As KKR, a private equity firm, prepared to take Gardner-Denver, one of its portfolio companies, public in mid-2017, a discussion arose on the Gardner-Denver board about the implications of granting approximately $110 million in equity to its global employee base as part of its innovative “broad-based employee ownership program.”
KKR (formerly known as Kohlberg Kravis Roberts & Co.) had bought equipment manufacturer Gardner-Denver in July of 2013 for $3.9 billion. The acquisition had been headed by Pete Stavros, a partner and head of the Industrials group. Three years earlier, Stavros and his team had set aside stock options as part of its 2013 Stock Incentive Plan – with the expressed intention of converting the options to stock and then distributing to all employees at the time of the IPO.

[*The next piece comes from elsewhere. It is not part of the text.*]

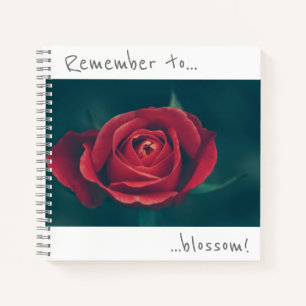 Remember to blossom Red Rose Flower Notebook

Gardner Denver’s board was comprised of both KKR and non-KKR executives. Those who hailed from outside of KKR were unfamiliar with KKR Industrials’ program for broad-based ownership and were interested in better understanding the implications of the program now that it was imminent. First and foremost, the board was interested in evaluating the potential benefits and limitations of the program. Was the generous equity package that Stavros proposed be allotted to 6,100 employees the wisest move and the right timing for Gardner Denver and its new shareholders? If so, what was the optimal way to implement the program across 70 to 80 countries in which Gardner-Denver operated worldwide? What changes would need to occur in the Gardner Denver culture to pull off a program of this magnitude, with no real precedent outside of KKR Industrial’s experience? And how much operational improvement would Gardner Denver need to achieve such that the program would pay for itself, given the level of dilution associated with it? Yale Case 20-039.